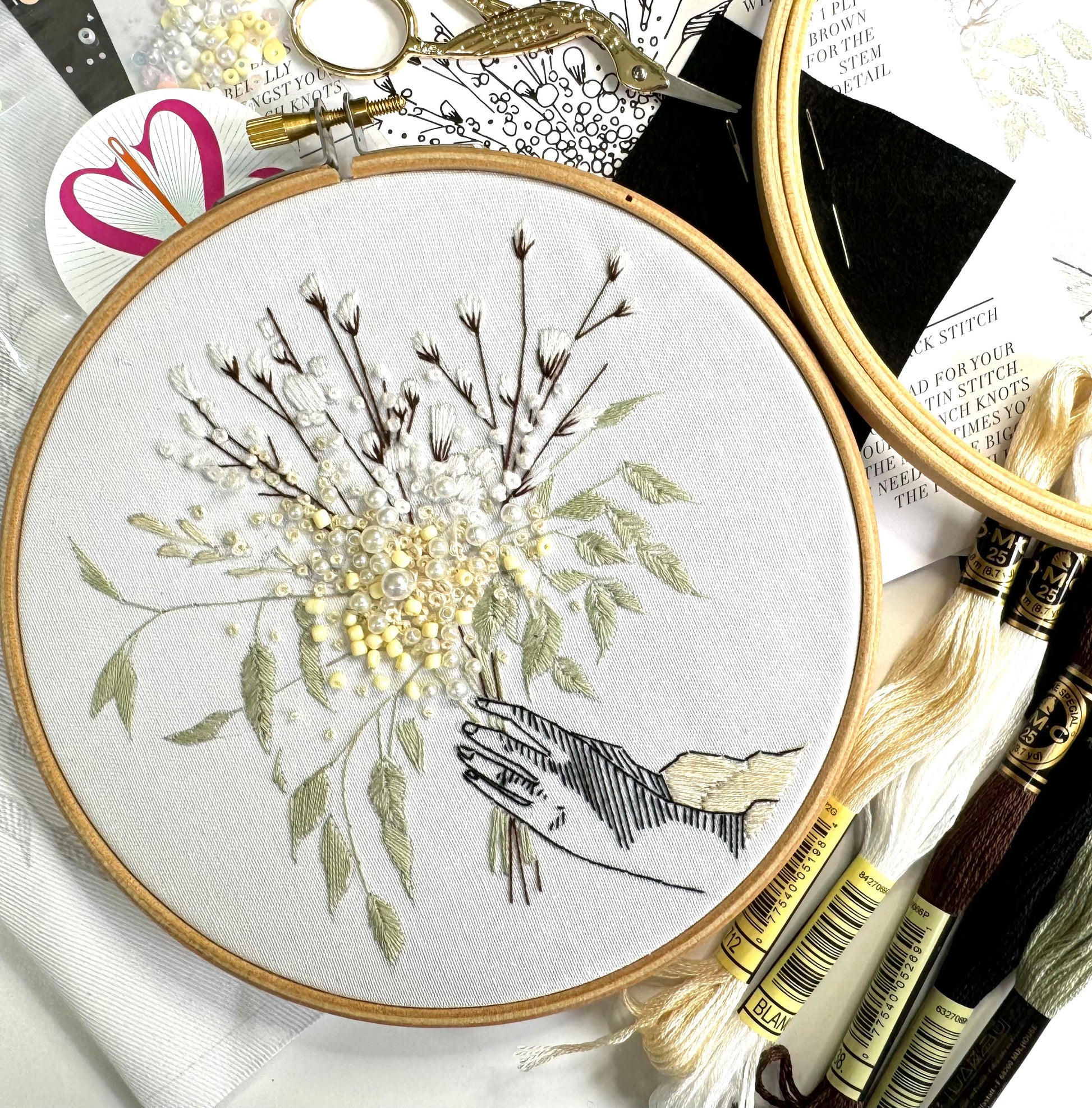 detail of winter embroidery kit with DMC threads and wooden hoop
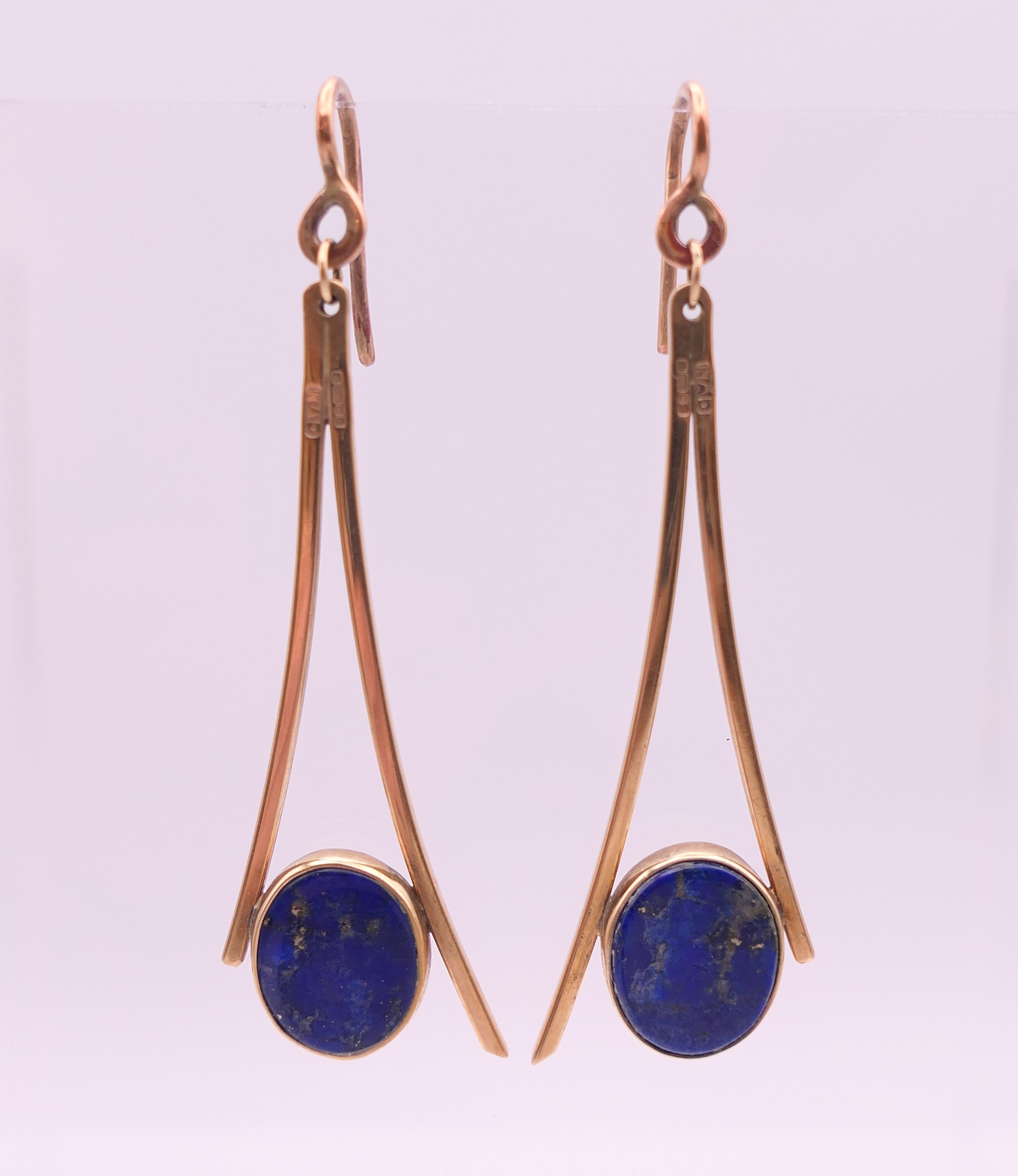 A pair of 9 ct gold and lapis drop earrings. 4.5 cm high. 5.9 grammes total weight.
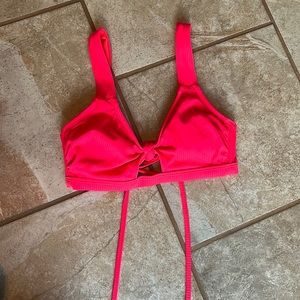 Target hot pink bathing suit top, knot in front and tie back. Adjustable straps.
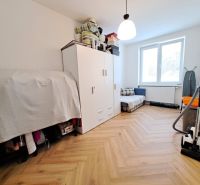 A room in a 3-room apartment with a wooden decor floor, a wardrobe, and a vacuum cleaner.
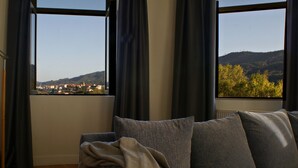 Habitación con vistas a un pueblo y colinas a través de amplios ventanales, un sofá con cojines grises y cortinas oscuras.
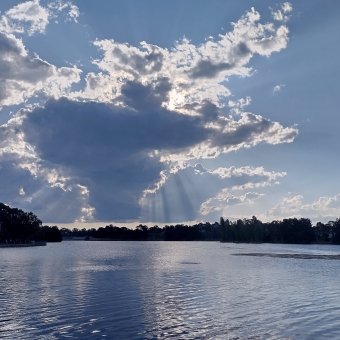 Sun Rays, Yerrabi Pond, Gungahlin, with a singular triangular grey cloud in the centre of the sky and the sun shining its rays around the cloud like a hug, with rippling water reflecting the grey and blue of the sky, with water and sky divided by a dense line of silhouetted trees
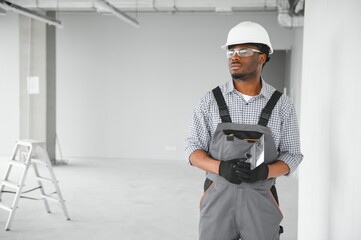 business, building, and people concept. african builder in hardhats with plastering tools indoors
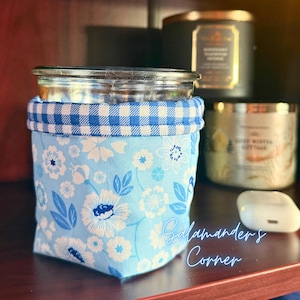 May include: A glass jar with a blue floral fabric sleeve. The sleeve features white flowers and blue leaves on a light blue background. The top of the sleeve has a blue and white gingham pattern. The text "Salamanders Corner" is visible.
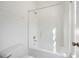 A white bathtub and shower combination in a bathroom with white walls and floors at 4185 Waterford Dr, Suwanee, GA 30024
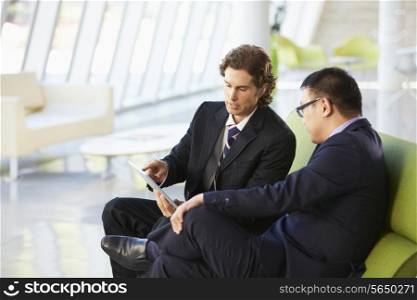 Businessmen With Digital Tablet Sitting In Modern Office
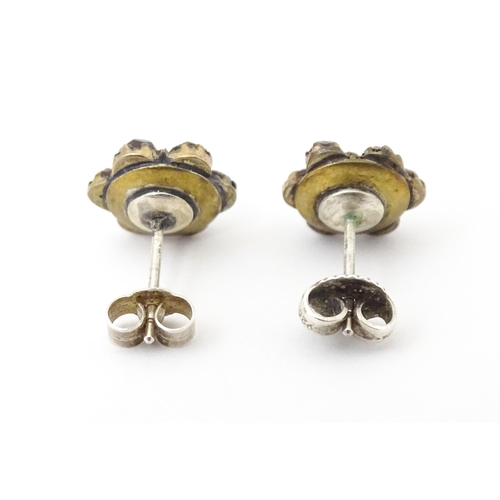 741 - A pair of silver stud earrings decorated with garnets set in gilt metal.  Approx 1/2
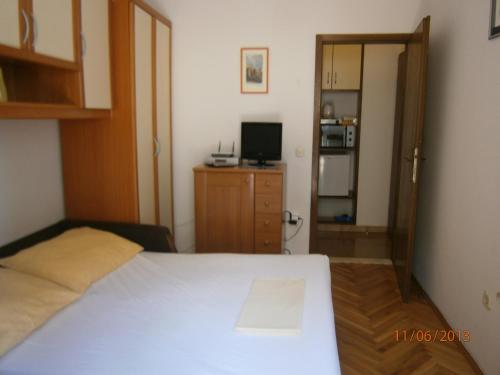 a bedroom with a white bed and a television at Villa Miranda - Croazia in Omiš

-----

• [Exercise instructions]: Make an exact copy of the records shown above, without the pictures.

• [Completed exercise]:
 detail of winter embroidery kit with DMC threads and wooden hoop
 A pair of 9 ct gold and lapis drop earrings. 4.5 cm high. 5.9 grammes total weight.
 Target hot pink bathing suit top, knot in front and tie back. Adjustable straps.
 A room in a 3-room apartment with a wooden decor floor, a wardrobe, and a vacuum cleaner.
 Habitación con vistas a un pueblo y colinas a través de amplios ventanales, un sofá con cojines grises y cortinas oscuras.
 Sun Rays, Yerrabi Pond, Gungahlin, with a singular triangular grey cloud in the centre of the sky and the sun shining its rays around the cloud like a hug, with rippling water reflecting the grey and blue of the sky, with water and sky divided by a dense line of silhouetted trees
 business, building, and people concept. african builder in hardhats with plastering tools indoors
 May include: A glass jar with a blue floral fabric sleeve. The sleeve features white flowers and blue leaves on a light blue background. The top of the sleeve has a blue and white gingham pattern. The text "Salamanders Corner" is visible.
 A white bathtub and shower combination in a bathroom with white walls and floors at 4185 Waterford Dr, Suwanee, GA 30024
 Businessmen With Digital Tablet Sitting In Modern Office
 741 - A pair of silver stud earrings decorated with garnets set in gilt metal.  Approx 1/2
 a bedroom with a white bed and a television at Villa Miranda - Croazia in Omiš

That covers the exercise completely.